All-dielectric antennas

Historically the main antennas used for wireless applications (resonant and traveling-wave) were metallic, as it was the traditional material used for conducting electricity and generating/receiving electromagnetic waves. These days, new requirements for increasing data-rate of high-frequency systems (radar, mobile communication) require higher operating frequencies in the sub-THz range and beyond. At these frequencies, the losses in the metal, which were until now mostly neglected, become much more prevalent in the form of higher resistance due to skin depth and surface roughness.
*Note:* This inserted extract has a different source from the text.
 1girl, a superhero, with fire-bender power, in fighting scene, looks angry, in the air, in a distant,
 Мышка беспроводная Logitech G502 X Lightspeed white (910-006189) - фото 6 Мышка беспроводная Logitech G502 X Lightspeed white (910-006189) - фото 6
A solution is thus required for new types of antennas that will allow an efficient radiation of electromagnetic waves for these systems.

A promising approach to replace metallic antennas is to use dielectric materials only. Their behaviour at high frequencies does not depend anymore on loss mechanisms based on metallic conduction but solely on dielectric properties. Historically, dielectric antennas were investigated as traveling-wave antennas such as dielectric rods, with much research later conducted on dielectric resonator antennas (DRAs).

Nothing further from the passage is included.